Die Bedeutung der Sonografie als erweiterte körperliche Untersuchung und als bildgebendes Verfahren mit der höchsten Ortsauflösung, der Möglichkeit zur multiparametrischen Analyse von strukturellen und funktionellen Aspekten sowie zur bestmöglichen (real-time) Steuerung von Interventionen hat sich in vielen Bereichen etabliert, während sie in anderen fast vollständig negiert wird. Sonografischen Methoden wurde in mehreren deutschen onkologischen Leitlinien und – mehr auf Europäischer Ebene als in Deutschland – auch für die Diagnostik chronisch entzündlicher Darmerkrankungen ein hoher Stellenwert zuerkannt. Die European Federation of Societies of Ultrasound in Medicine and Biology (EFSUMB) erarbeitet aktuell Empfehlungen zur Darmsonografie.

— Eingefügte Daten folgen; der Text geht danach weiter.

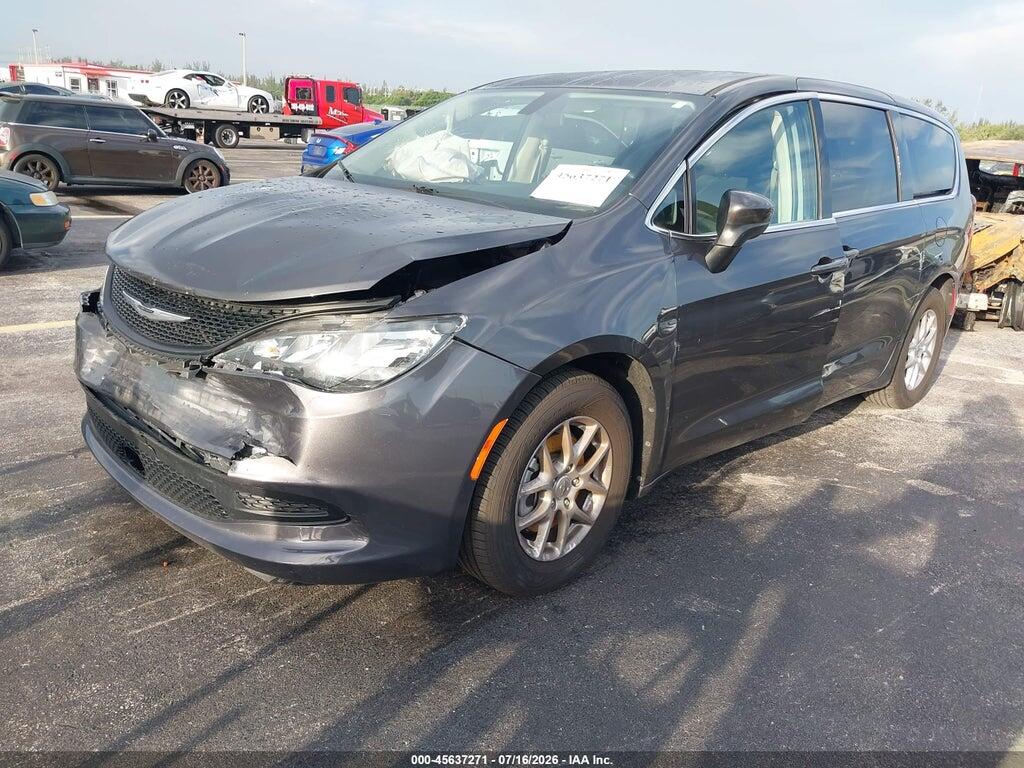 2C4RC1CG8NR204135 2022 CHRYSLER VOYAGER photo no. 2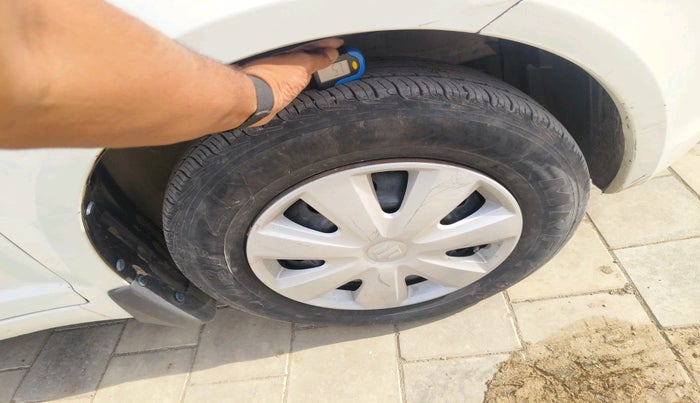 2009 Maruti Swift Dzire VXI 1.3, CNG, Manual, 1,00,297 km, tyre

Aktuell werden vielfältige Leitlinien auch zu onkologischen Fragestellungen erstellt bzw. überarbeitet, beispielsweise für das Magenkarzinom. Erwähnenswert ist, dass beispielsweise beim Staging der chronisch lymphatischen Leukämie (CLL) immer noch auf die körperliche Untersuchung palpabler Lymphknoten zurückgegriffen wird. Bei der Diskussion der aktuellen CLL-Leitlinien stellte sich heraus, dass es wohl nie mehr Studien geben wird, die den zusätzlichen Nutzen der Sonografie über die körperliche Untersuchung bei der richtigen Einschätzung der CLL und anderer hämatologischer Erkrankungen belegen könnte, da seit Jahrzehnten alle Studien auf diesen traditionellen Kriterien beruhen.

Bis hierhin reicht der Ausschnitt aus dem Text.